### Supplied records
****************
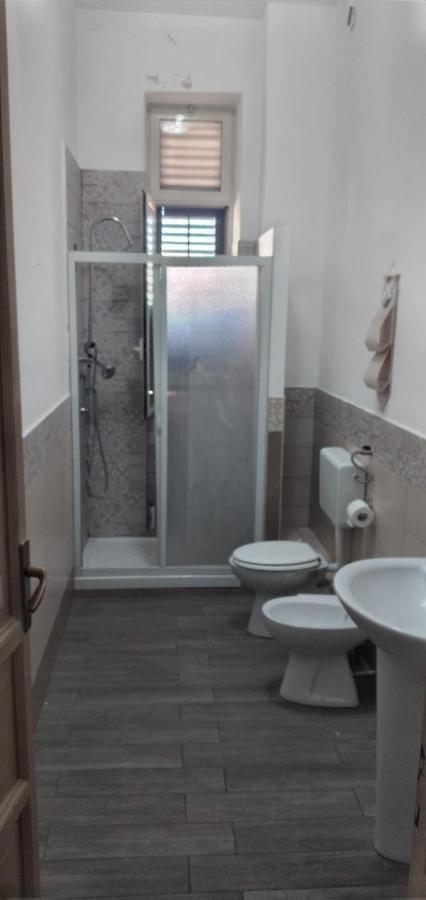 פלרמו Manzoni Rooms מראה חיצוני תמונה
****************
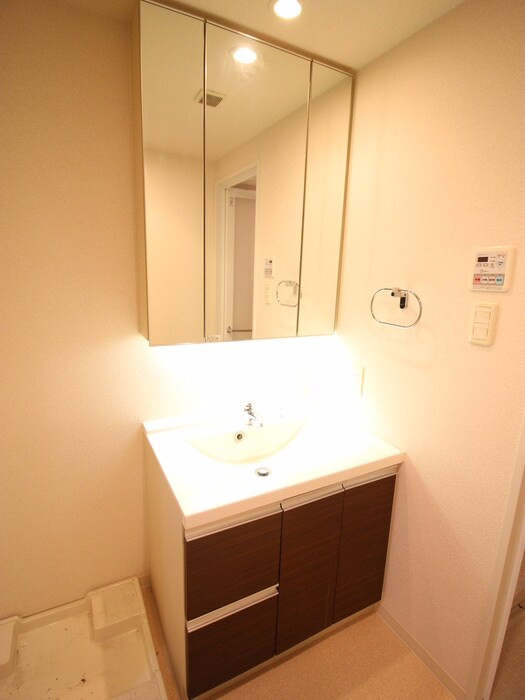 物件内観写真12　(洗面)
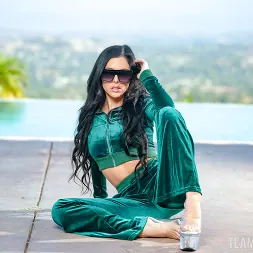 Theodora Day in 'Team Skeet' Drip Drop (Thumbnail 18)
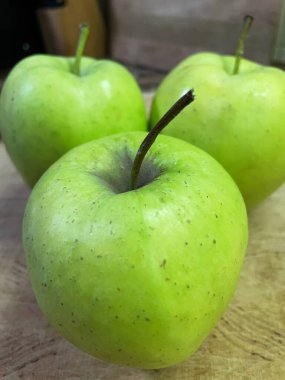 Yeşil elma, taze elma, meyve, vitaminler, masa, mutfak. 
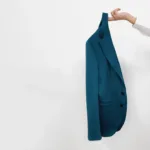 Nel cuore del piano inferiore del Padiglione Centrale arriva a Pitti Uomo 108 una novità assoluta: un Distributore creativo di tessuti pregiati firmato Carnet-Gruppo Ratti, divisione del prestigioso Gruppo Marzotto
****************
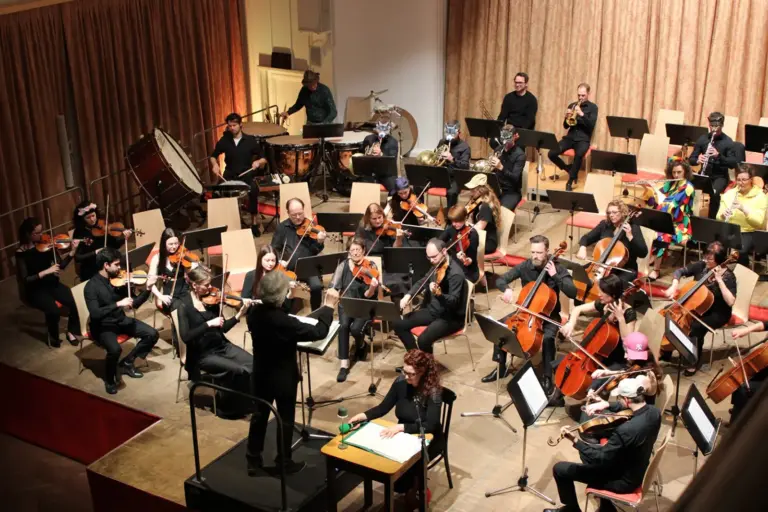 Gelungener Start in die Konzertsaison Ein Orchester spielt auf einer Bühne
****************
### Work order
Using the entries above, transcribe every line from the line containing "Yeşil elma, taze" through the line containing "Nel cuore del". Do not copy pictures.

### Solved exercise
 Yeşil elma, taze elma, meyve, vitaminler, masa, mutfak. 
 Nel cuore del piano inferiore del Padiglione Centrale arriva a Pitti Uomo 108 una novità assoluta: un Distributore creativo di tessuti pregiati firmato Carnet-Gruppo Ratti, divisione del prestigioso Gruppo Marzotto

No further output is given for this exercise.